• Dataset entries:

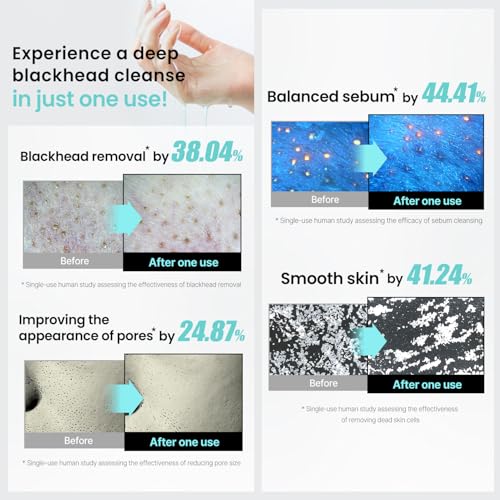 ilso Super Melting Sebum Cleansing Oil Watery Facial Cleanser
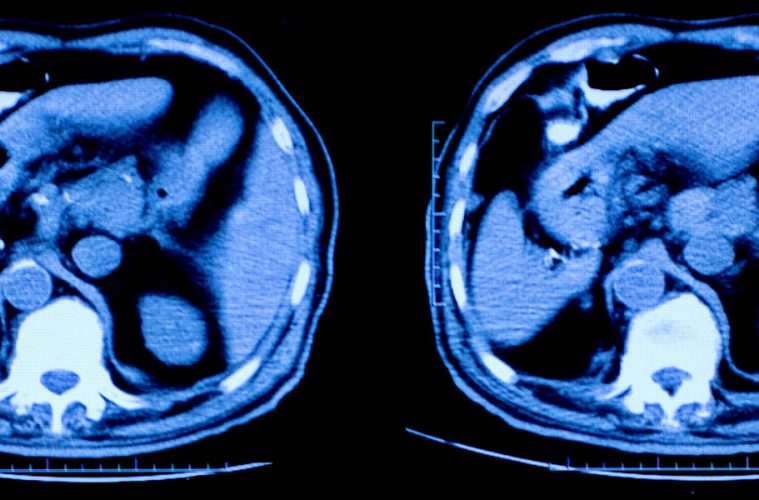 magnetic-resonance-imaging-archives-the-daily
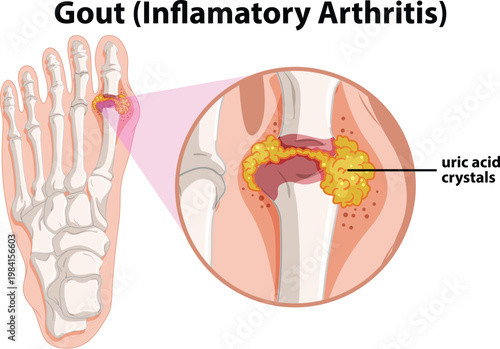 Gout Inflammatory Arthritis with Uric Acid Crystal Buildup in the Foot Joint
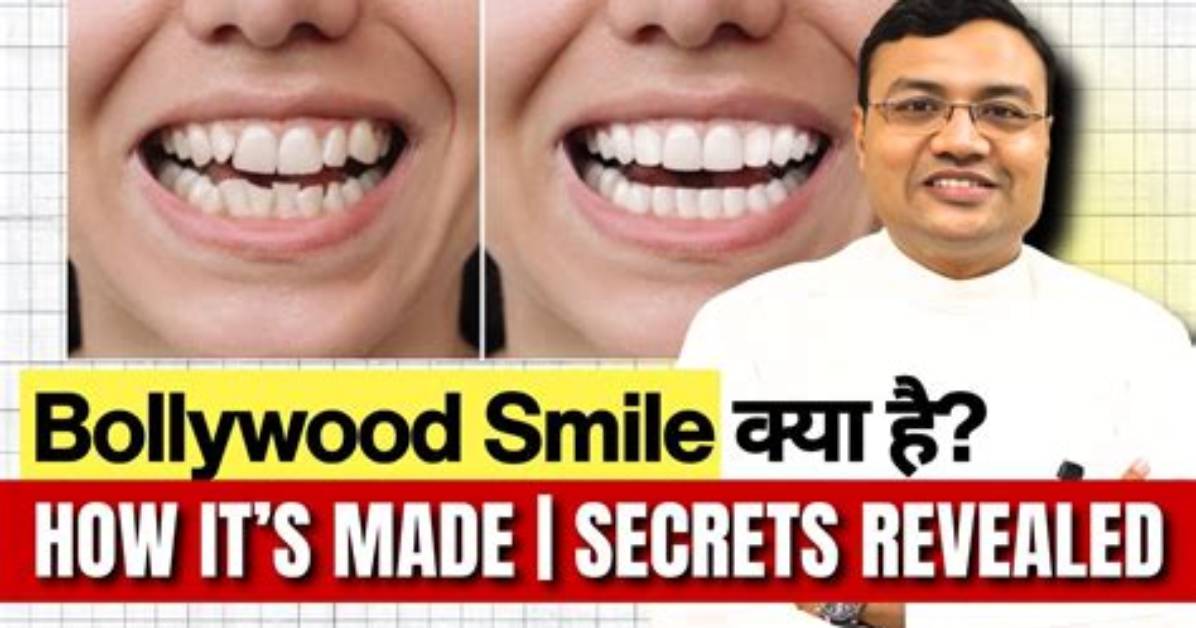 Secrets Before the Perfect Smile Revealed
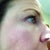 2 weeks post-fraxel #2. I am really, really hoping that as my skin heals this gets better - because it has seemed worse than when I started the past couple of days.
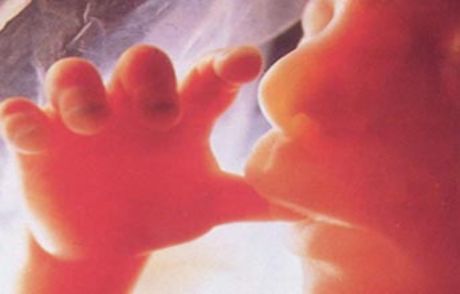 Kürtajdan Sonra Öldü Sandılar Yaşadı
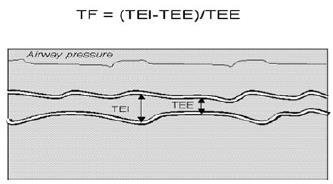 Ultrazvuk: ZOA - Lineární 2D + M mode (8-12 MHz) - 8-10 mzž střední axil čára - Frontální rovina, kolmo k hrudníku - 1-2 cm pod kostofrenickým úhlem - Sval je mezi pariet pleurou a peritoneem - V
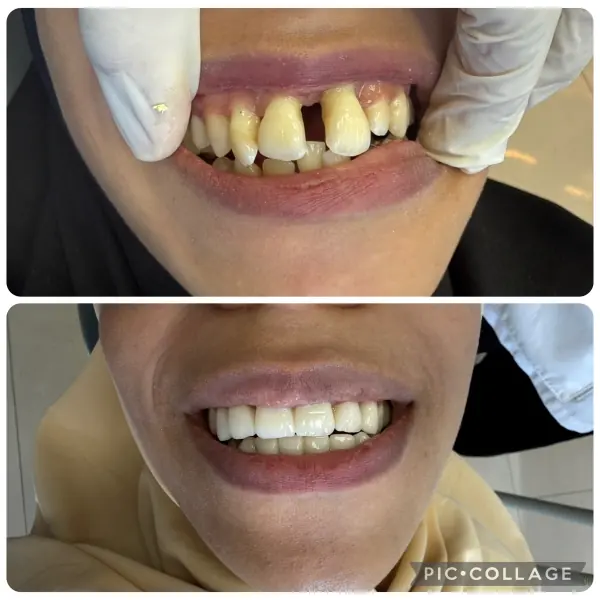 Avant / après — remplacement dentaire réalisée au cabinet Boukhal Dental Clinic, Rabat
---
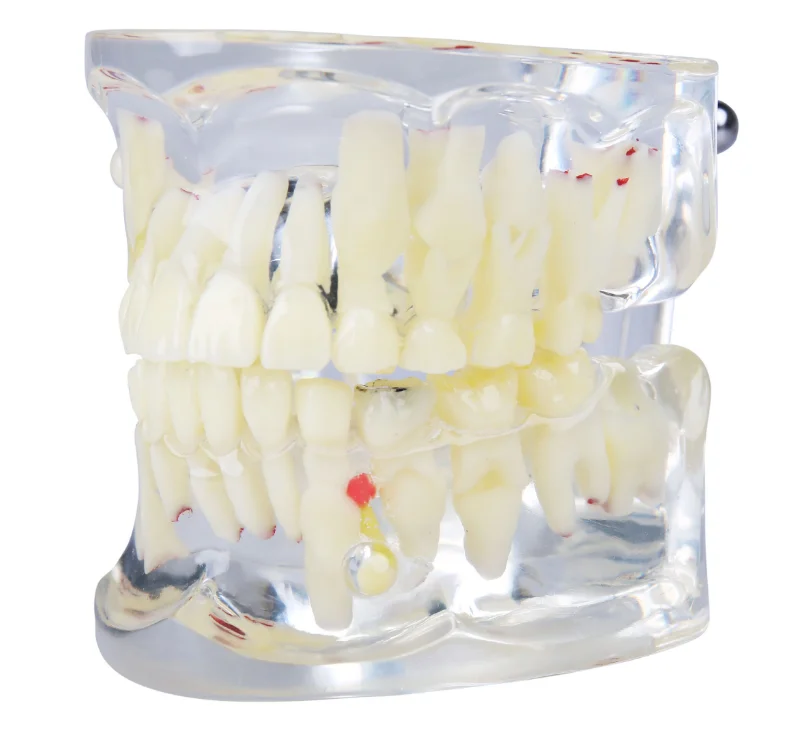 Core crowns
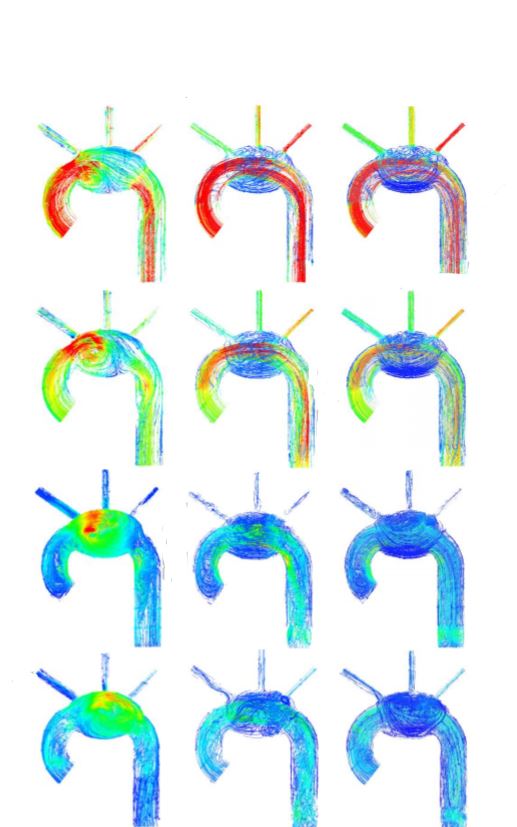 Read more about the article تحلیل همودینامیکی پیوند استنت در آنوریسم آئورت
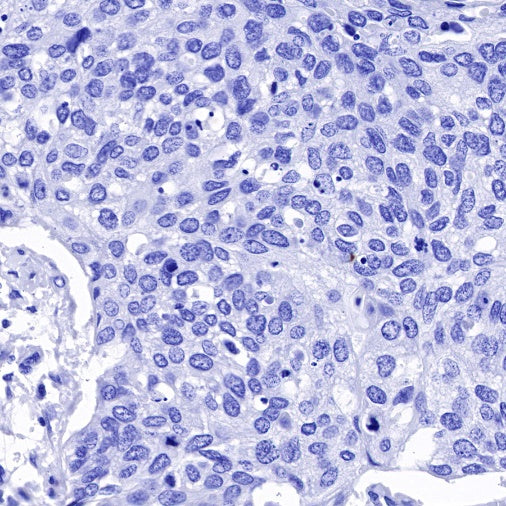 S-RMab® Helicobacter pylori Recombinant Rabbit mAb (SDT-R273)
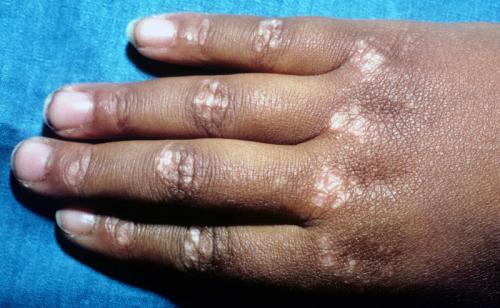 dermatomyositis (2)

• Aim of the task:
Although the records above contain pictures, the copy must not; set down exactly the lines from the one with "Ultrazvuk: ZOA - Lineární" up to and including the one with "Avant / après".

• Response to the task:
 Ultrazvuk: ZOA - Lineární 2D + M mode (8-12 MHz) - 8-10 mzž střední axil čára - Frontální rovina, kolmo k hrudníku - 1-2 cm pod kostofrenickým úhlem - Sval je mezi pariet pleurou a peritoneem - V
 Avant / après — remplacement dentaire réalisée au cabinet Boukhal Dental Clinic, Rabat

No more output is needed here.